The Hob's Bargain(39)



I closed my eyes briefly and nodded. When I looked up, I noticed a paving stone in the middle of the dirt path. Frowning at it, I sent Duck after the hob, who had resumed an easy jog. Scattered cobbles lay on the trail ahead, growing more numerous as we approached the King's Highway.

When we reached the rise before the bridge, I slowed Duck to a brisk walk to allow him to pick his way among the broken cobbles. It looked as if some giant had plowed the highway under. The earthquake hadn't felt that bad to me.

Caefawn slowed with me. "Good. The mountain wasn't certain she could do this, but the bloodmagic seems to be weaker than she thought. Are you any good with the knife you wear?"

I couldn't pull my eyes from the damaged roadway. The mountain had done this? "My knife? No. Kith's been teaching me, but I doubt I'd stand up against anyone with experience."

"You'll do," he said. "When we get to the bridge, we'll let your horse return to his stable, and then you and I'll take care of the raiders."

That caught my attention. I looked incredulously at the top of his hood as I ran through his words again. I thought of several questions, but discarded them before they touched my tongue. "The two of us," I said finally.

He made a noise that could have been agreement, laughter, or both.


SIX

The hob made little noise threading his way through the trees. I tried to imitate him, but the thin yearling growths of willow snagged at my clothing and rustled as I moved past. Not that I couldn't move quietly in the woods, but I did it by avoiding dry leaves and dense growth like the stuff we were currently wading through.

I was so busy grumbling to myself that when Caefawn dropped to hands and knees, I almost tripped over him. I crouched and followed the motion of his chin to see a small group of raiders talking among themselves not much over a stone's throw away.

They were using the garbled language Wandel called the patois, so I couldn't tell what they were saying. If they'd been quieter, they would have heard me scuttling through the leaves.

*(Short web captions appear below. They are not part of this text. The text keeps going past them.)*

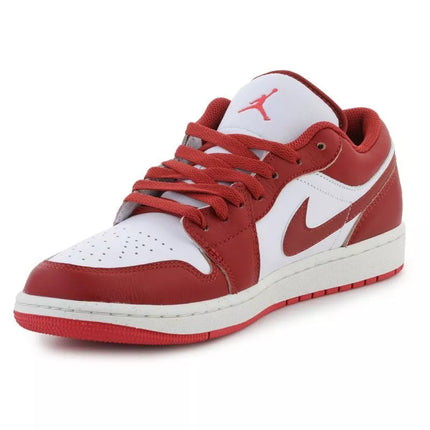Nike Air Jordan 1 Low SE FJ3459-160 raudona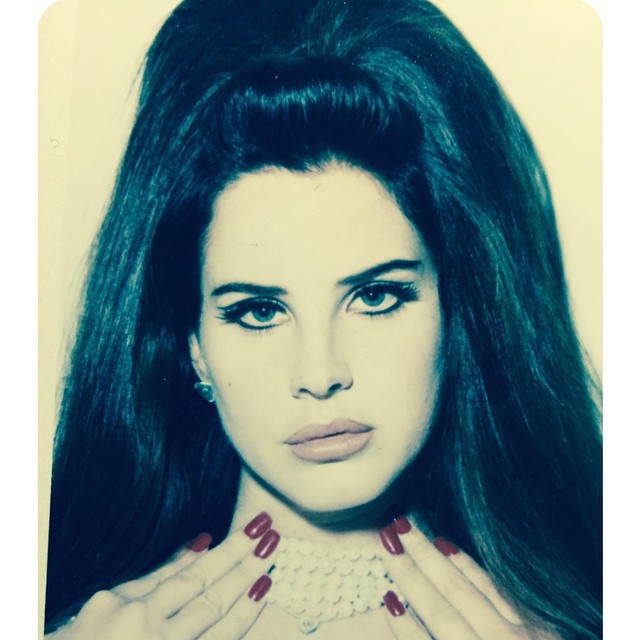 Лана Дель Рей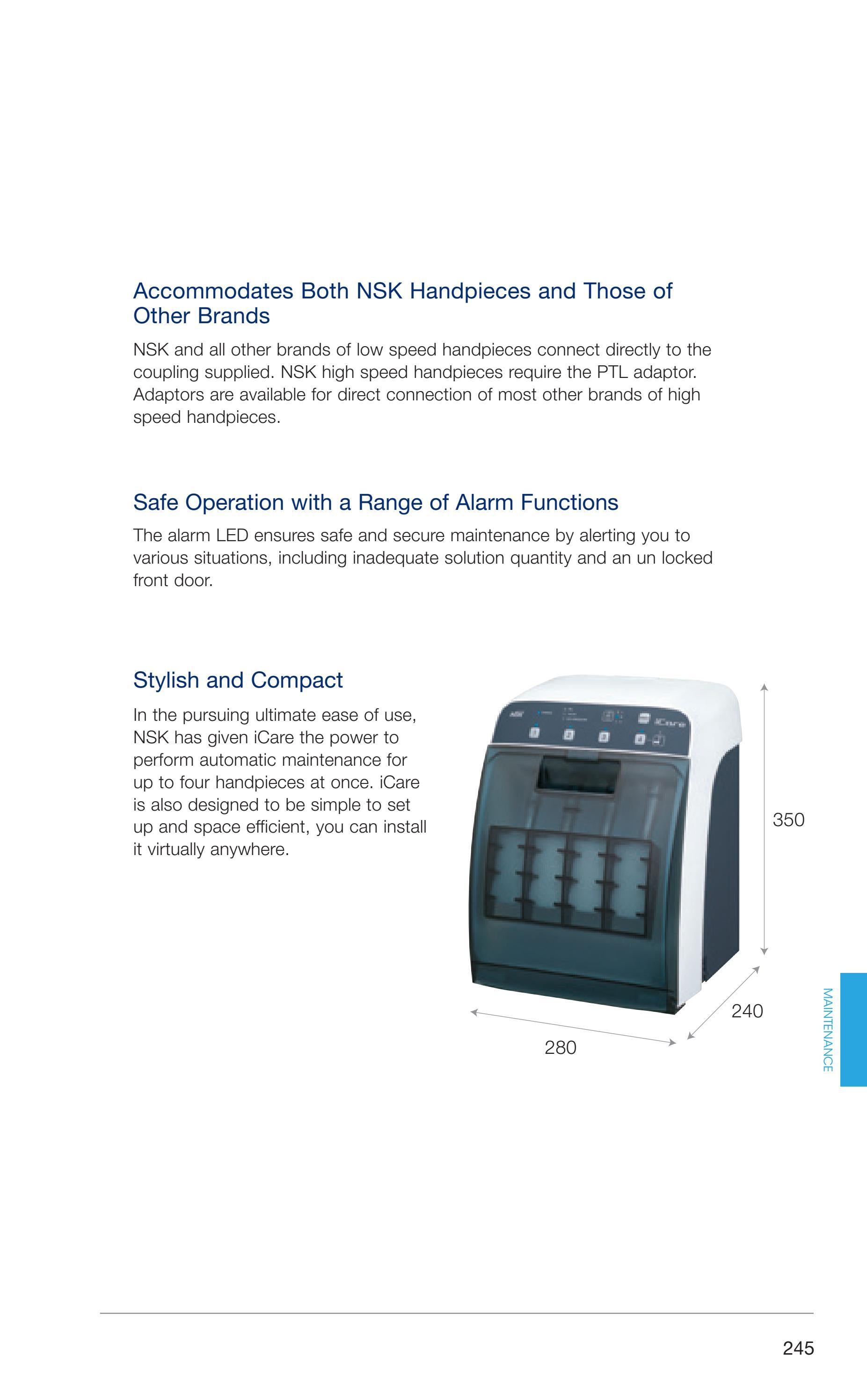 NSK UK Product Catalogue by NSKUK Issuu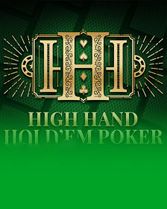 High Hand Holdem Poker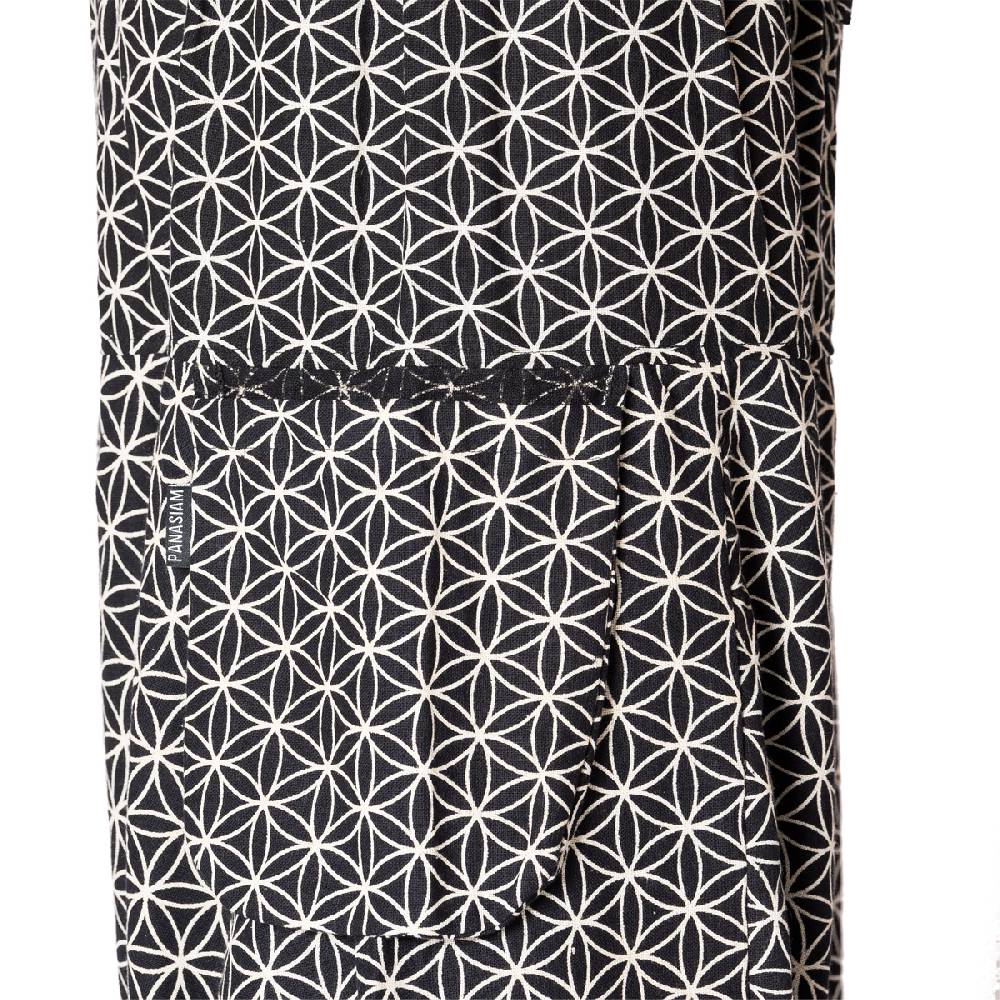 Panasiam Aladinhose Geometrix Jubiläumsangebot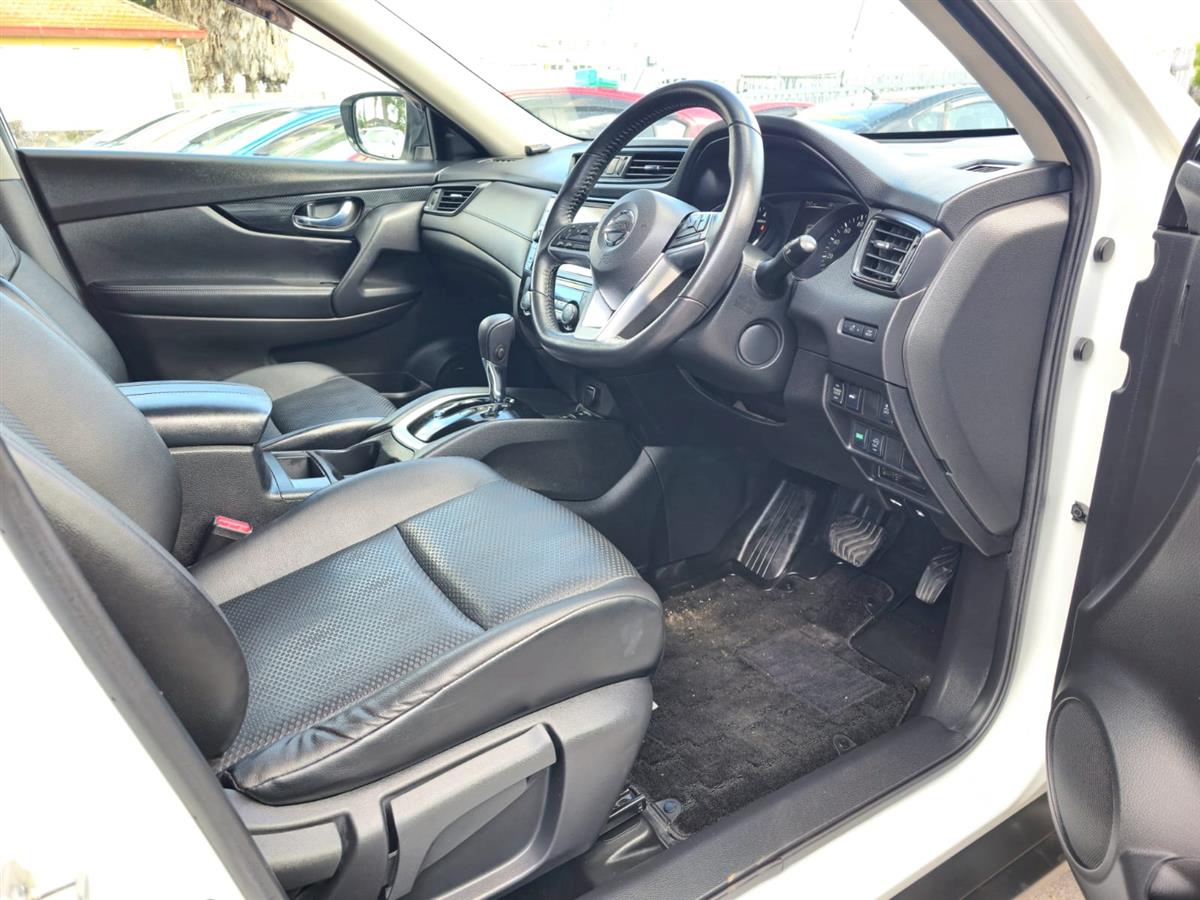 2019 Nissan X-Trail **Pro Pilot Cruise Control**360 Reversing Camera**Leather Seats**Electric Boot** RV/SUV Automatic, 5 seats, Petrol, 1,997 cc, 99,058 km
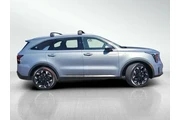 $35977 : Kia Sorento 2025 SX 4dr SUV thumbnail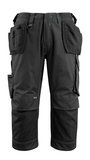 Mascot 3/4 Hose Lindau EU-Größe: C46 Farbe: Schwarz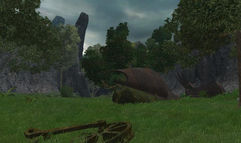 Hero's Journey screenshot 3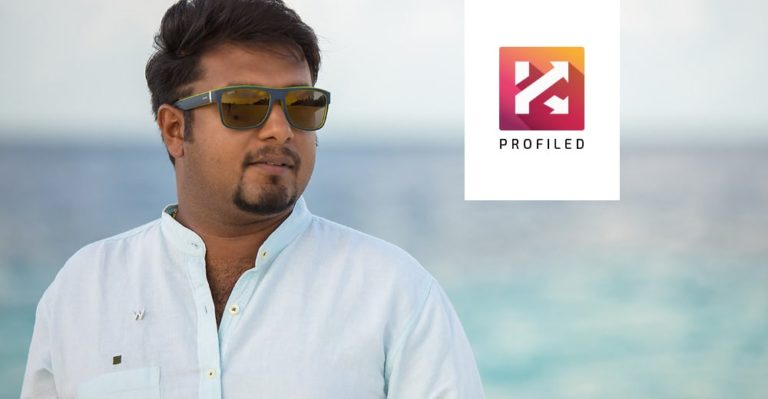 Getting to know Chunky Mathew from W Retreat and Spa – Maldives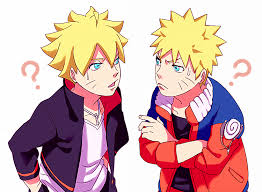 Hasil gambar untuk gambar boruto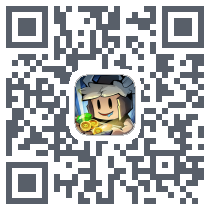 英雄没有闪 QRcode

The hob drew a hollow reed from a pocket of his cloak and slipped a dart made from a porcupine quill into the reed. Placing the tube against his lips, he blew, propelling the dart toward the raiders. I lost sight of it as it traveled through the air, but one of the men jumped and rubbed his thigh. Battle-roused, the others dropped low and looked for their unseen foe.

I held my breath and tried not to rustle.

The man who'd jumped first shook his head, laughing a little. "Just a bug," he said in the king's tongue.

The others relaxed - so did I. Then the man hit by the dart collapsed in the grass.

Eight of the men remaining held their weapons at the ready and crouched, each looking in a different direction. Both the hob and I held still. The ninth man dropped to his knees next to the hob's victim. From the relief on his face, I could tell the fallen man wasn't dead.

After we'd crouched there long enough for my feet to fall asleep, the raiders relaxed.

"Must have gone," said one, a big man with graying brown hair who seemed to be their leader.

"Or it really was a bug," commented another.

"What do you suppose it was?" asked the man who still crouched on the ground.

The leader shook his head. "How should I know? We've got people what disappear, leaving behind nothing but blood and weaponry. We've got horses lame from bug bites nastier'an anything I've ever seen - not even when we worked the swamps a couple of years back. Food goes foul too fast, and something's been robbing our supplies and scattering them. Now there's some freaking berserker lurking in the woods. Maybe the same bugs what got the horses got Henwit, too. I don't know."

Hmm, I thought, if their leader is that spooked, the men mustn't be far behind.

"What we going to do about him?" challenged the man on the ground. "I ain't leaving Henwit behind to get chewed up by whatever happens upon him."

The big man threw up his hands. "Take him back, then. You explain to the captain what happened."

The raider tried his best, but the unconscious man weighed more than he did. It was obvious he couldn't carry the limp body very far. Had Caefawn chosen the heaviest man on purpose?

Finally two of the raiders took the heavy man and staggered off with him. The rest of the party headed away from where Caefawn and I crouched. Almost a third of this bunch was out of the fight, without our killing a soul.

I twisted to look at the hob. He grinned back. It still looked rather alarming when done with fangs, but I was getting used to it. When he began backing quietly out of the brush, I followed.

I decided I needed to be armed with something better than a knife. Kith said by the time you could use a knife, you were too close. Even an idiot could kill you. Especially if you were fighting someone bigger, stronger, and better armed. Most of the people we'd be encountering would be all three. When we came to a tree with good stout branches, I stopped.

"You're too serious," Caefawn said, watching me hack at a solid branch of oak. "This should be fun."

I stopped hacking and turned to stare at him.

"Of course," he said, "it never hurts to be prepared."

He reached over and took the branch, breaking it off the tree as if it were a twig. Holding it in both hands, he fell to one knee and presented it to me, his tail curled around his feet.